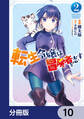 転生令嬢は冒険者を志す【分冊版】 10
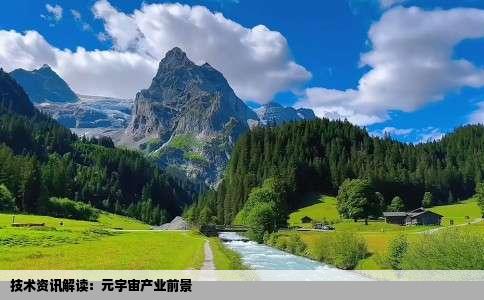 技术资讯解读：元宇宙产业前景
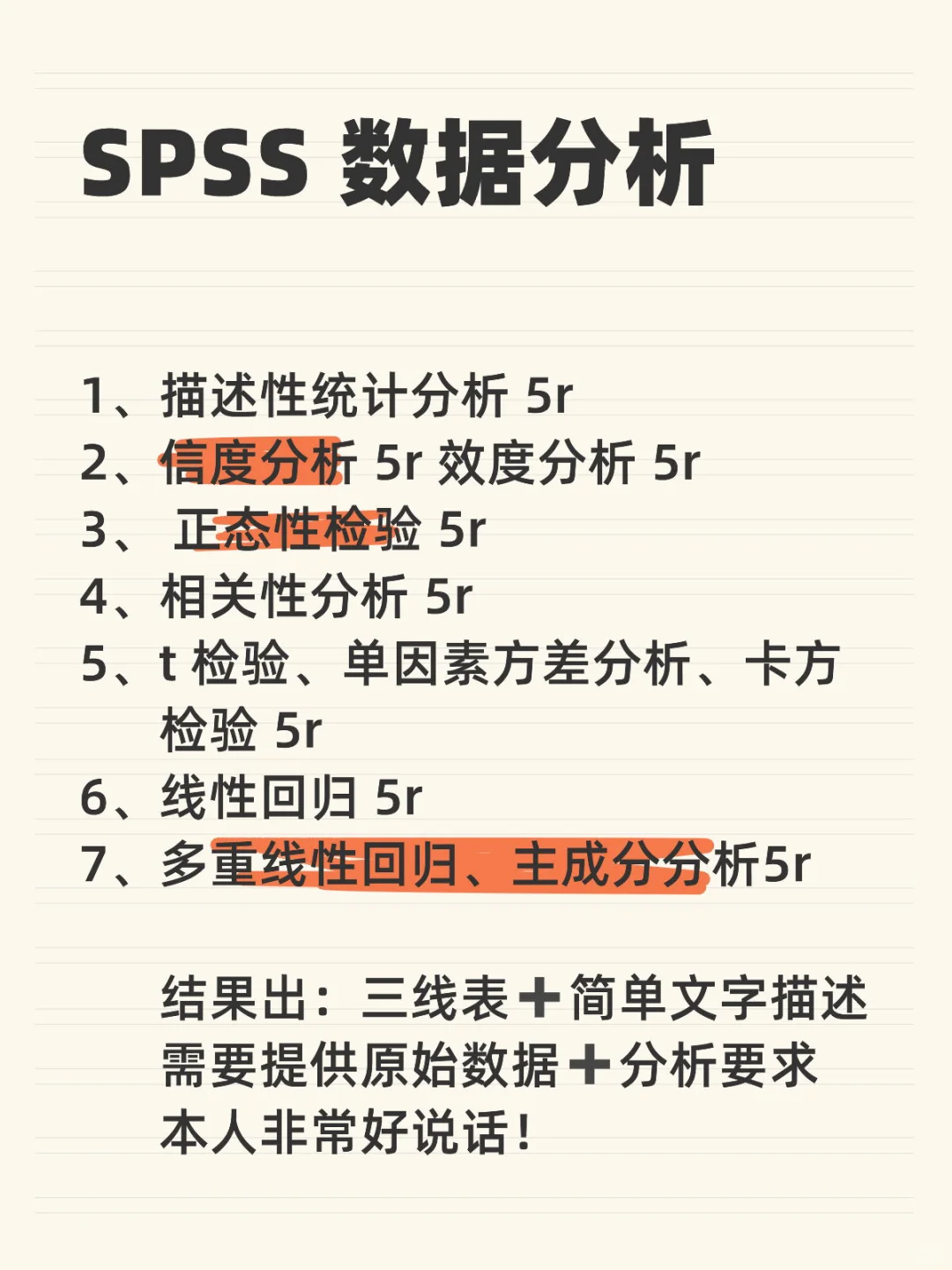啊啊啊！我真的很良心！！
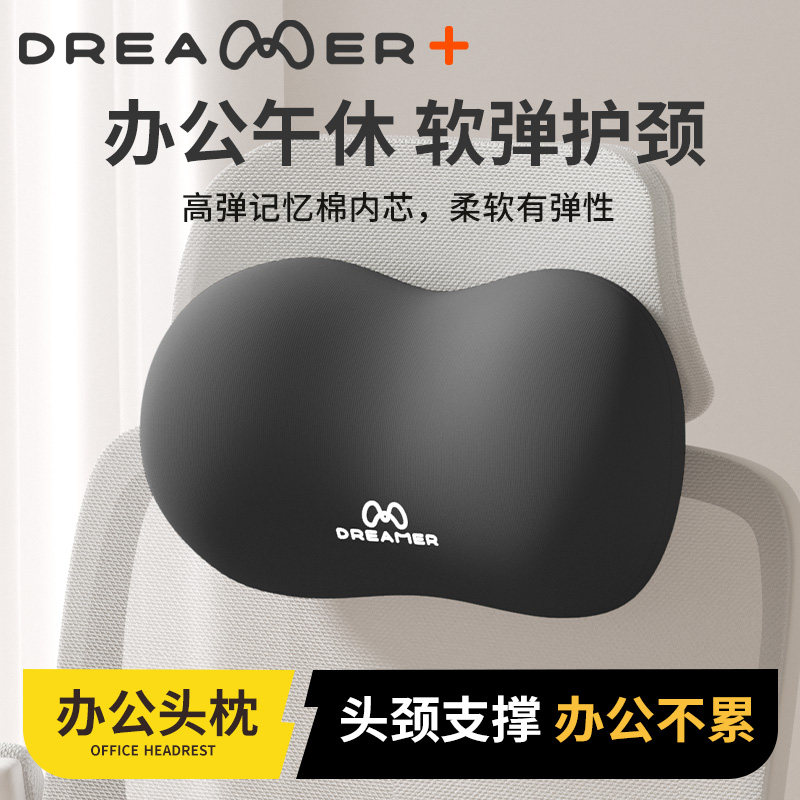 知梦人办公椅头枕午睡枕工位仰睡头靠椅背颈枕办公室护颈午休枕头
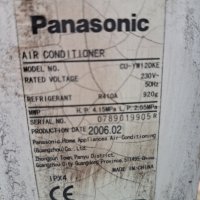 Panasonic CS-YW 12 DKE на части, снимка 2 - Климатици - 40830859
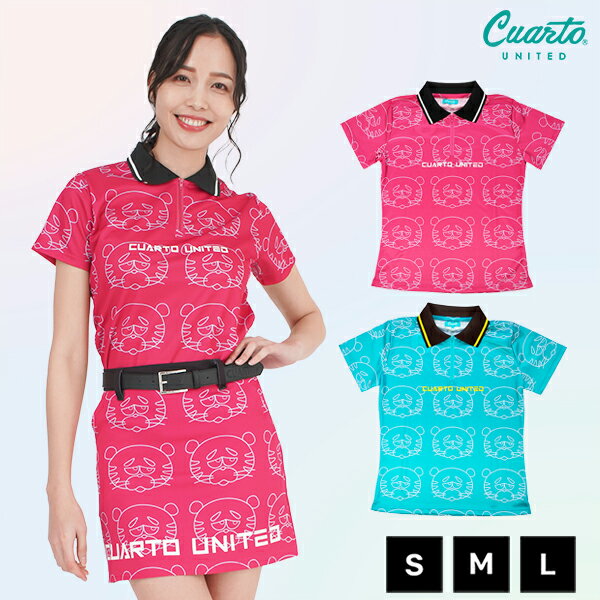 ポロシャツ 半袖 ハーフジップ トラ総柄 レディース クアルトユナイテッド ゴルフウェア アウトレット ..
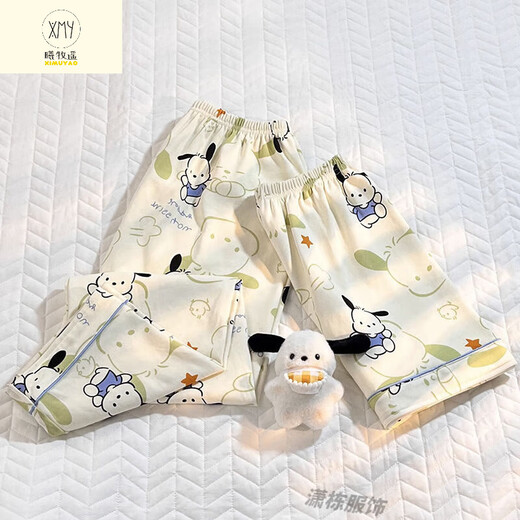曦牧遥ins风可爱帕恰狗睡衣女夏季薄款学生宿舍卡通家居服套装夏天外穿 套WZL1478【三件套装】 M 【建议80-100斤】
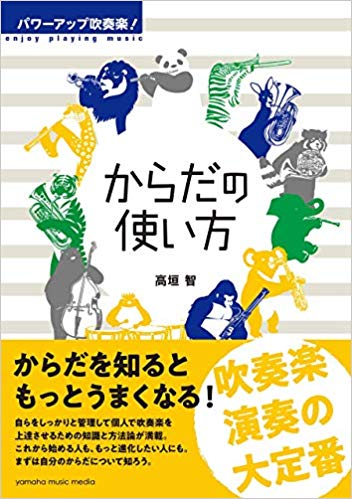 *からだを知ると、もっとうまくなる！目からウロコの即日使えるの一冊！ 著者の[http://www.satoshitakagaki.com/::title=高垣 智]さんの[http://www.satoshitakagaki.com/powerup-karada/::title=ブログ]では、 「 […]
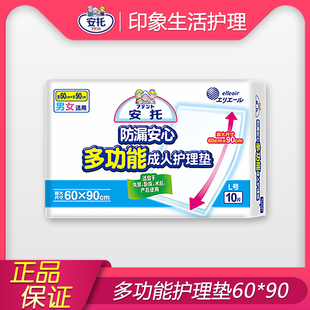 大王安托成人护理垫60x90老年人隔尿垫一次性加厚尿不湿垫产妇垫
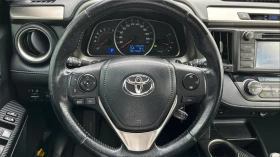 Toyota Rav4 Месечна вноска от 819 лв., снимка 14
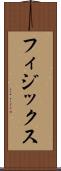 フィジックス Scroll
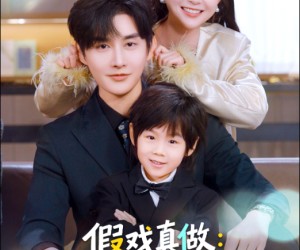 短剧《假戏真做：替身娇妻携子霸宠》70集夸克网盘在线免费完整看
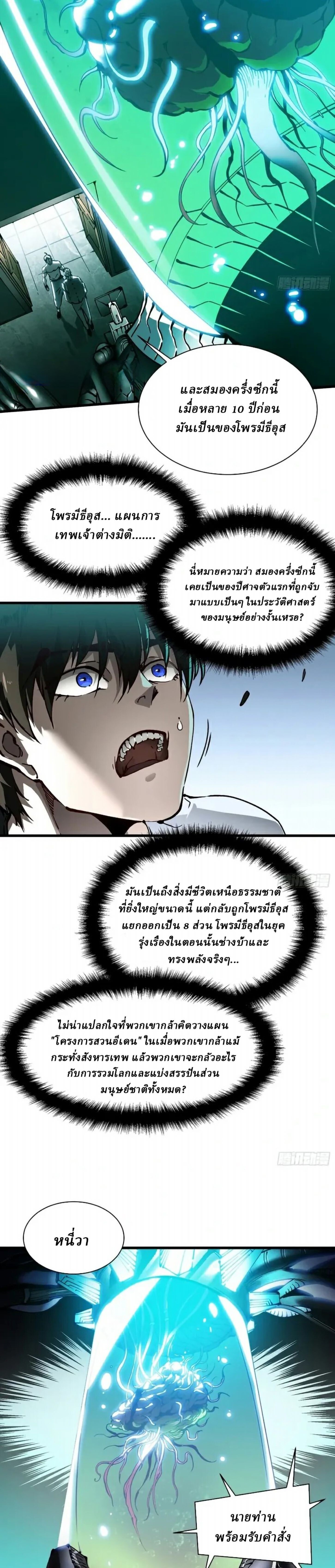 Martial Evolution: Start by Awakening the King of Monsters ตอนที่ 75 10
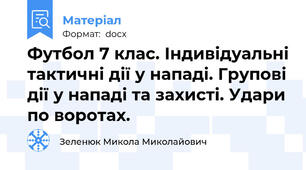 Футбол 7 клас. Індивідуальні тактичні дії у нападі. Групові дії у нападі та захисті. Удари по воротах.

......

Your objective: Each line from the one containing "曦牧遥ins风可爱帕恰狗睡衣女夏季薄款学生宿舍卡通家居服套装夏天外穿 套WZL1478【三件套装】 M" through the last line of the data should be written out exactly. Skip the pictures, and add no other lines.

Response to this task:
曦牧遥ins风可爱帕恰狗睡衣女夏季薄款学生宿舍卡通家居服套装夏天外穿 套WZL1478【三件套装】 M 【建议80-100斤】
 *からだを知ると、もっとうまくなる！目からウロコの即日使えるの一冊！ 著者の[http://www.satoshitakagaki.com/::title=高垣 智]さんの[http://www.satoshitakagaki.com/powerup-karada/::title=ブログ]では、 「 […]
 大王安托成人护理垫60x90老年人隔尿垫一次性加厚尿不湿垫产妇垫
 Toyota Rav4 Месечна вноска от 819 лв., снимка 14
 フィジックス Scroll
 短剧《假戏真做：替身娇妻携子霸宠》70集夸克网盘在线免费完整看
 Martial Evolution: Start by Awakening the King of Monsters ตอนที่ 75 10
 Футбол 7 клас. Індивідуальні тактичні дії у нападі. Групові дії у нападі та захисті. Удари по воротах.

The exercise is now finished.